So I made this Spotify playlist thing of songs from Boston that I love. It's purposely non-completist; I wanted it to be songs that sound like walking around Boston and Cambridge when I was lots younger and being romantic about what the city might turn me into. Of everyone I included, these are the bands/people whose songs mean the most to me:
MARY TIMONY/HELIUM. Mary Timony and I lived in Boston at the same time so I used to go see her every day, or at least about once a month. Once I saw Bjork at the Wang Center and then Mary Timony at the Middle East Upstairs, both in the same night, and seeing Mary after seeing Bjork was so good and restorative. I mean of course Bjork's a big genius, but Mary Timony is so much more my breed of weird, with her tiger tapestry draped over her keyboard and her cat mask pushed up over her forehead and her Pete Townsend guitar windmill thing that's totally not a joke because Mary Timony is no joker. Bjork wore the swan dress, or something kind of like it, and that essentially means zero to me. Who cares about a swan dress when Mary Timony is playing some long crazy version of "Poison Moon" that SEGUES INTO A COVER OF "ISOLATION" BY JOY DIVISION and I don't even like Joy Division very much but in Mary Timony's hands it's transcendent and perfect and everything.
That show happened right around when The Golden Dove came out. Once on nogoodforme.com Laura Jane wrote the sentence "If I could describe The Golden Dove by Mary Timony in one made-up adjective, it would be "Elizabeth Barker-esque," which was a cool moment in my life.
JULIANA HATFIELD. Laura Fisher thinks it's fun of me that Only Everything is my favorite Juliana Hatfield record. And I was going to make some point about how I'm inordinately influenced by cover art when it comes to processing the sound of an album, and how Only Everything sounds exactly like it's cover art, like some heavy majestic animal painted in bright hot colors. Which is all true but the greater truth is that Only Everything is my favorite Juliana Hatfield album because it's the one that sounds most like me, all snarly and sludgy and sweet and shiny.

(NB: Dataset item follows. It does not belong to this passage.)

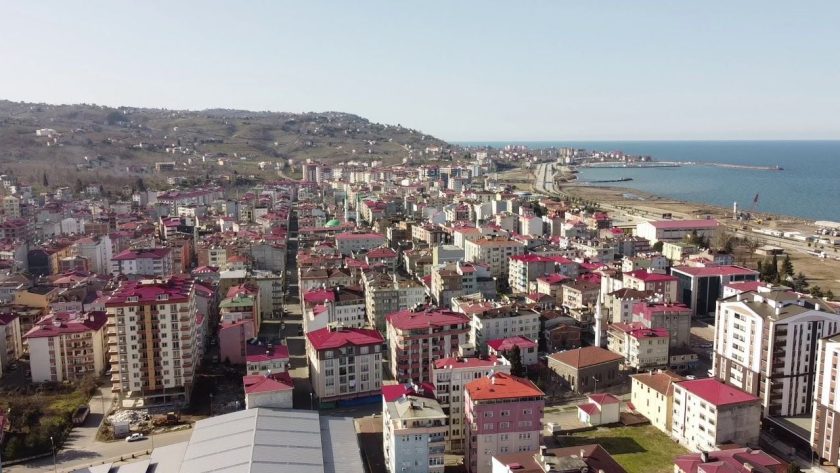 Beşikdüzü Hakkında
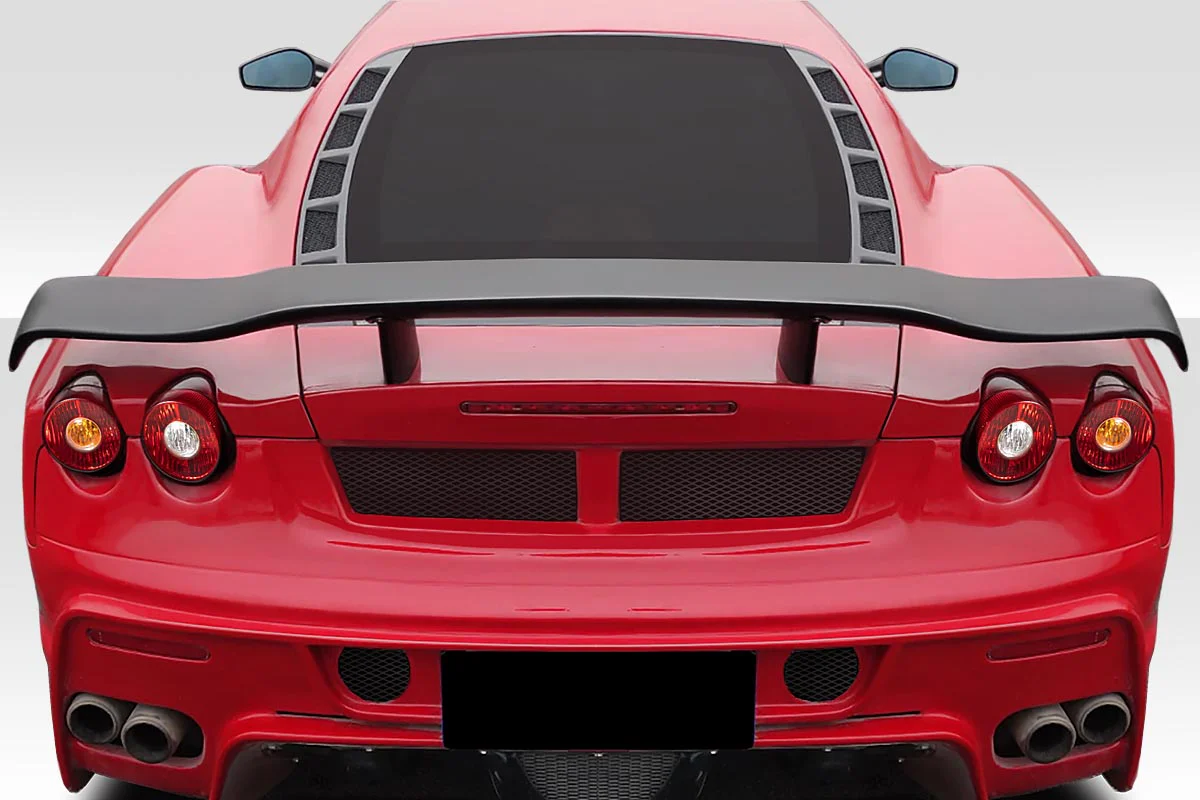 Ferrari F430 (2005-2009) Vallera Rear Wing Spoiler - Image 4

My favorite song on Only Everything is "OK OK," and my favorite "OK OK" lyric is the one that goes "I love you, I love you, I love you, I love you, I love you, I love you, I love you, I love you, I love you, I love you, I love you, I love you, I love you, I love you, I love you, I love you, I love you, I love you, I love you, I love you."
MARY LOU LORD. I saw Mary Lou busking in the Park Street subway station my first year living on Boston - she was setting up when I was transferring from the green line to the red line and I hung around a bit, the only one watching her. After a bunch of covers she asked if I had any requests and I asked her to play "Some Jingle Jangle Morning" and she went "Oh!"; I guess she was surprised that I actually knew her songs. And then she played "Jingle Jangle" for me and only me and it was gorgeous and awesome, and probably uncomfortably intimate for both of us. Later on my friend Laura (everyone I know is named Laura) and I came back and Mary Lou played a cover of "Beeswing" by Richard Thompson and I had it in my head for the rest of the night, in a way where I probably could've cried at any second if I wanted to, because that song is one of the saddest songs, and Mary Lou's version is so lovely and the loveliest kind of hurt.
BUFFALO TOM. Obviously My So-Called Life is totally wonderful but how about let's let Buffalo Tom be something more than an adorable My So-Called Life reference from now on, okay? Big Red Letter Day is an underappreciated and kind of perfect album - it's so, like, restrained in its melancholy, but never in a cold way: it's warm like whiskey but not too much whiskey; there's a certain clearheadedness inherent to the whole Buffalo Tom experience. "I'm Allowed" was my favorite of their songs when I was 16 and it still is now, and every time I hear it it's sadder than the last time. "How sad 'I'm Allowed' is going to sound to me by the time I'm 36 or 39 or 40" is a troubling but strangely comforting thing to think about.
THE LEMONHEADS. The Lemonheads are the only band that I love more now than I did when I was a kid, even though I loved them very much back then. There's something about their songs that keeps on unfolding and revealing something new to me - possibly because the scrappy/graceful dynamic feels more and more in line with my overall steez as I get older, but also because they're great songs and great songs never die. My favorite Lemonheads song when I made my Boston mix thing was "Mallo Cup," but right now it's their cover of "Skulls" by the Misfits, or "Break Me" or "Ride with Me," or maybe "Rudderless." "Rudderless" is always one of my favorite songs in general: it always will be, it always has been. It's sweet of 14-year-old me to have found myself in the sadness of that song, and it's sweet that I still can, in a way that makes the sadness seem brighter and all right.
And oh I love everyone else I put on that playlist, so much: "Common at Noon" by the Real Kids is my favorite Boston song; once when I was a teenager I put it on a mixtape for a boy so he could listen to it over and over and want to die from missing me too much, which was so generous. That hazy/dreamy/Pump Up The Volume version of "Wave of Mutilation" means more to me than every other Pixes song put together, and "Snowstorm" by Galaxie 500 is so fucking depressing it goes all the way past depressing and onto life-savingly glorious. And I feel bad that there's no Morphine but Morphine means something else to me, like the Fourth of July when Mark Sandman died and it was the kind of hot that makes your hair hurt and makes your head crazy and my best friend and I went out and drank way too much tequila and walked around by the water and by the Common and I kept falling off my shoes. We were dumb little babies and it was so much fun, and I absolutely took for granted how protected I felt by that city, the way you always take things for granted when you're a lucky kid. I'm really just so lucky to have been a kid in Boston.